Two weeks later Mouse is back, and her owners reported that after a few days of medicine they noticed a change; Mouse had gotten brighter – like she’s gotten a couple of years younger. In fact, when they had given her a bath, Mouse got “the zoomies” again, and now she was back to jumping on and off the bed! The vet rechecks Mouse and finds she is less stiff when they bend her elbow. They talk some more about what they can do to help keep Mouse comfortable with her arthritis and they schedule another checkup for a few months’ time.

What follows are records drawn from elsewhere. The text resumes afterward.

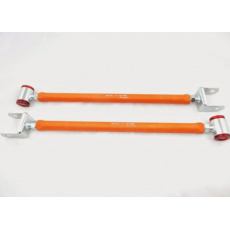 Silver Project nastavitelná zadní ramena pro BMW E36 / E46, barva: oranžová Silver Project nastavitelná zadní ramena pro BMW E36 / E46, barva: oranžová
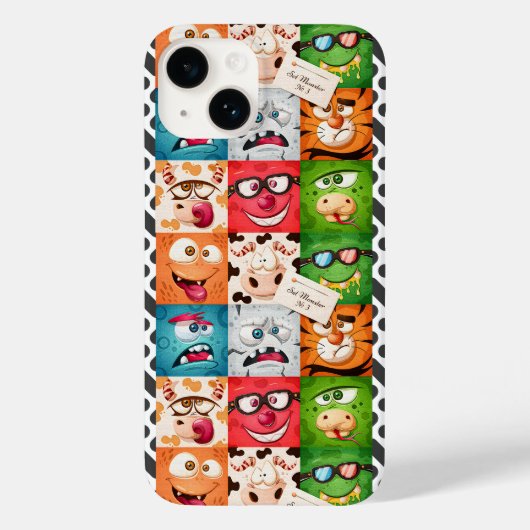 Elektronica iPhone hoesjes 6k (Achterkant)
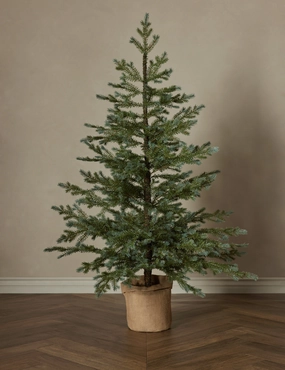 Faux Pine Tree 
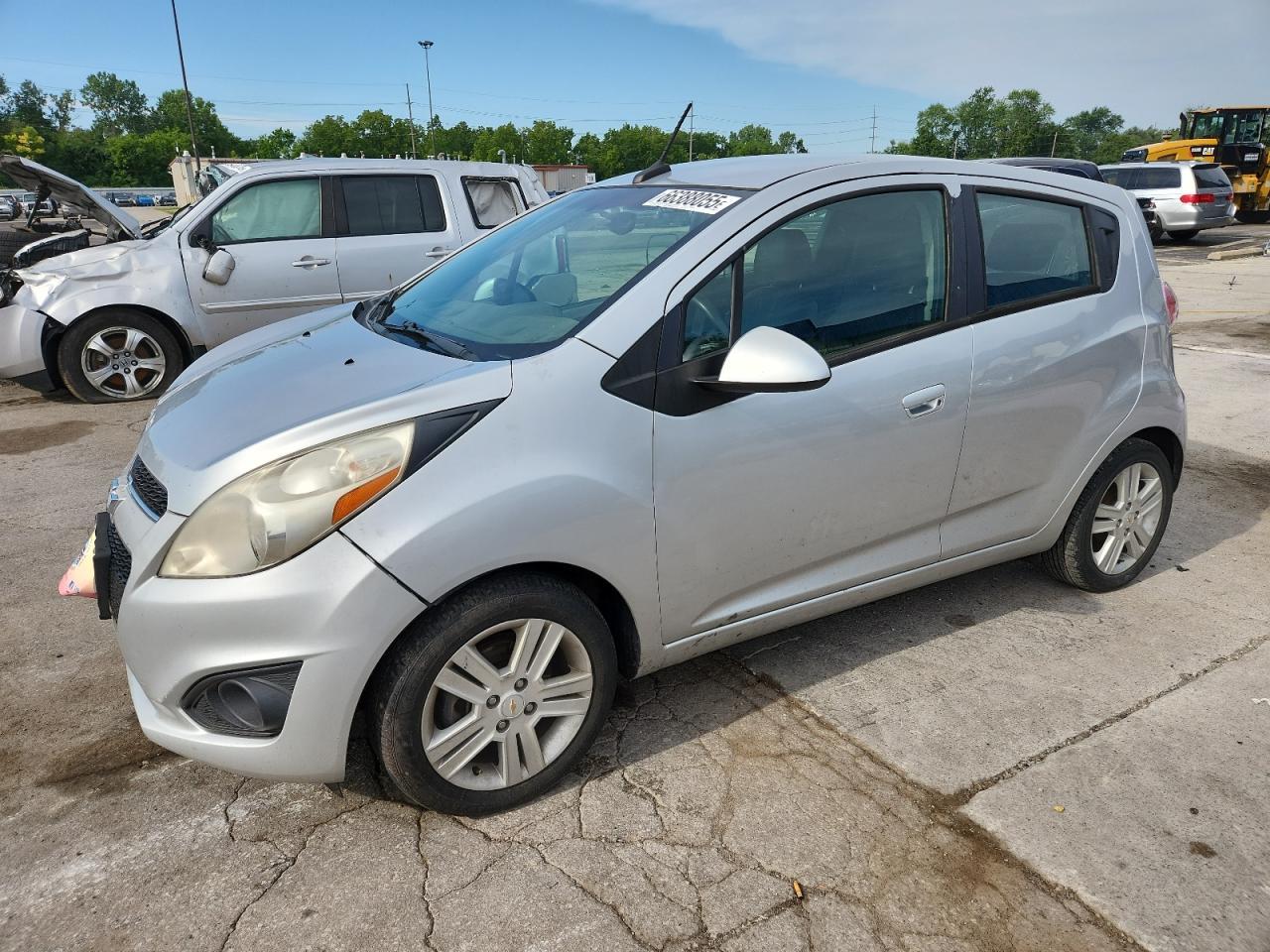 2014 CHEVROLET Spark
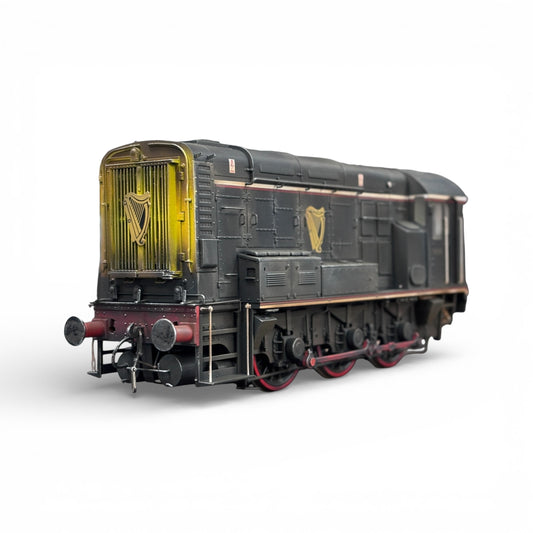 7D-008-012RA O Gauge Class 08 Guinness Unicorn no ladder - Custom Weathered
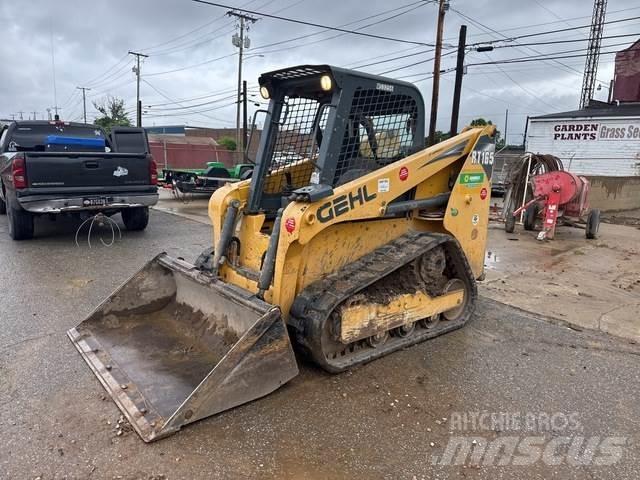 Gehl RT165 Skid steer mini utovarivači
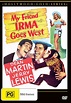 My Friend Irma Goes West - Dean Martin , Jerry Lewis DVD - Film Classics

Now they know that Mouse has arthritis in her elbow, and they’ve got it under control today, but they also know things will change. Hopefully by doing everything they can they will slow those changes down. Maybe in a few months’ time, they will find that things have changed, and they need to change Mouse’s medication. Maybe they will find that Mouse’s arthritis hasn’t changed, and they just need to schedule their next check. Or maybe they’ll find something different they need to manage and treat too.

Whatever we find, these regular checks are essential to help prevent problems before they can occur, to help find any conditions as early as possible and do something about them, and to keep on top of any long-term conditions.

Simply put, regular checkups are the best way to help you and your vet keep your pets as healthy and happy as possible, for as long as possible.